I feel for you! I hated pumping for one when Gracie was little, so I can't imagine doing it all day, every day for three! I remember one lunch hour in particular when the sight of my breast pump brought me to tears too. It had been such a crappy morning with my students and FULL of nonstop struggle. I dropped my students off to lunch and had a thirteen minute window of kid free time as my only chance to pump until they went home three hours later. ALL I wanted to do was go sit with my coworkers and be around adults for five minutes, but instead I had to go lock myself in my classroom and hook up to that %*kk*(@& machine. I pumped and had a little cry session. It is still, obviously, such a vivid memory for me.

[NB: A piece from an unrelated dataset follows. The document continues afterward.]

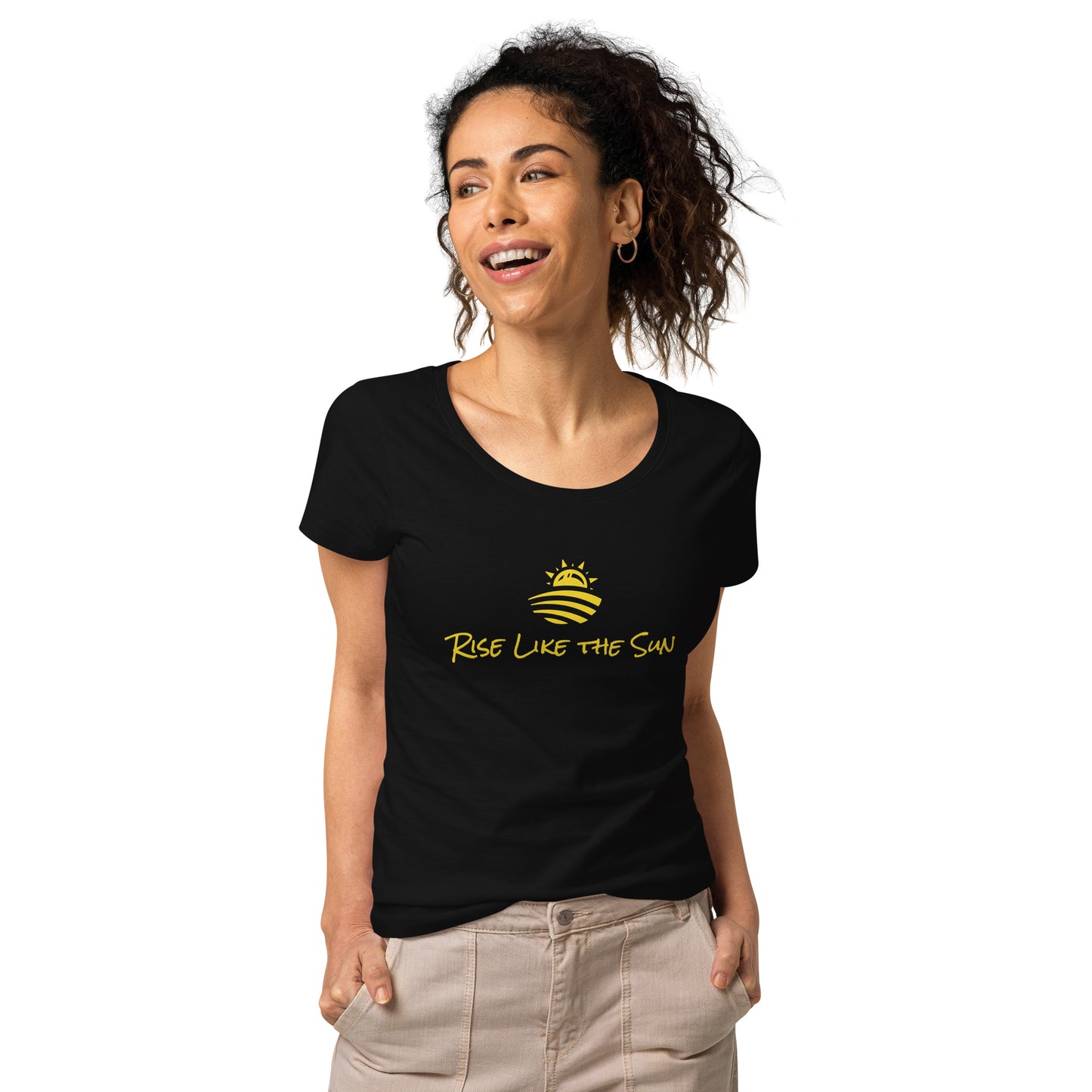 Women’s Organic t-shirt: Rise Like the Sun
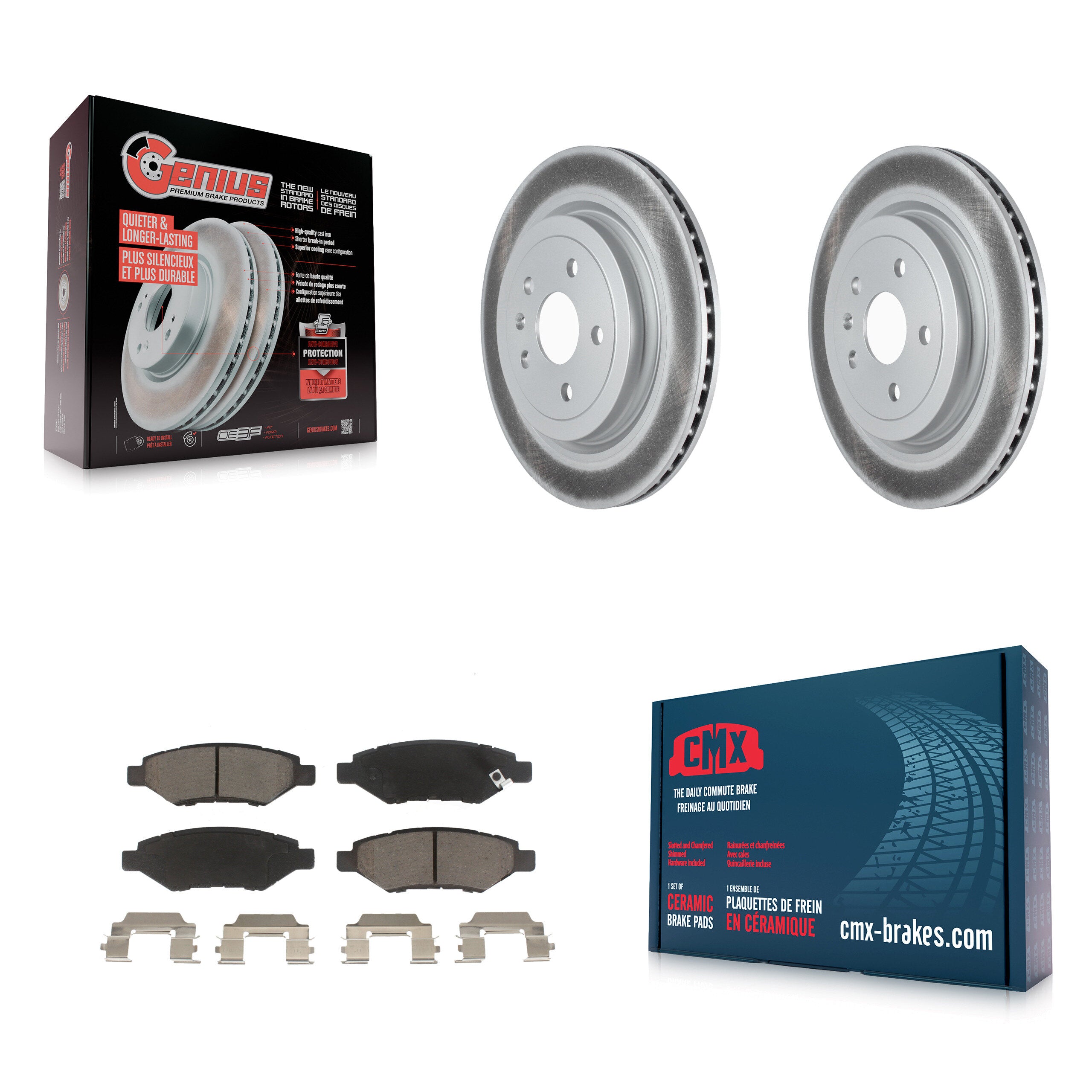 Transit Auto KGC-101453 Disc Brake Kit for 2008-2014 Cadillac CTS - Rear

That day I HATED that machine.

Hang in there, but know that you can complain anytime you want/need to. We are all impressed by you, Supermom!

Kelly said...

Whenever you are feeling down, just look at your three little plump boys and recall how little and helpless they looked in the NICU. Then pat yourself on the back three times because you are solely responsible for their growth! Your body manufactures all the food required for three growing boys!!! It is pretty incredible when you think about it. All the time and preparation this takes is a huge sacrifice for you right now (and will never be fully appreciated...), but soon it will be just a memory. Remember the (nearly) nine loooonnng months you carried them? That time seemed like it would never end, but it did. And the heartburn and swelling and morning sickness are all starting to fade into the joy you get when you look at them. So it will with the milking machine. This phase doesn't last forever. It just seems like it right now. Enjoy this time that they are fully dependent on you. You blink and it is gone. (Then it is replaced by crying over spilt milk...but you can worry about that tomorrow.)

Jess H said...

Exactly what your mom said!!! And please, please share your moments. We all have them-lots of them- and you're allowed all of them times 3!!!!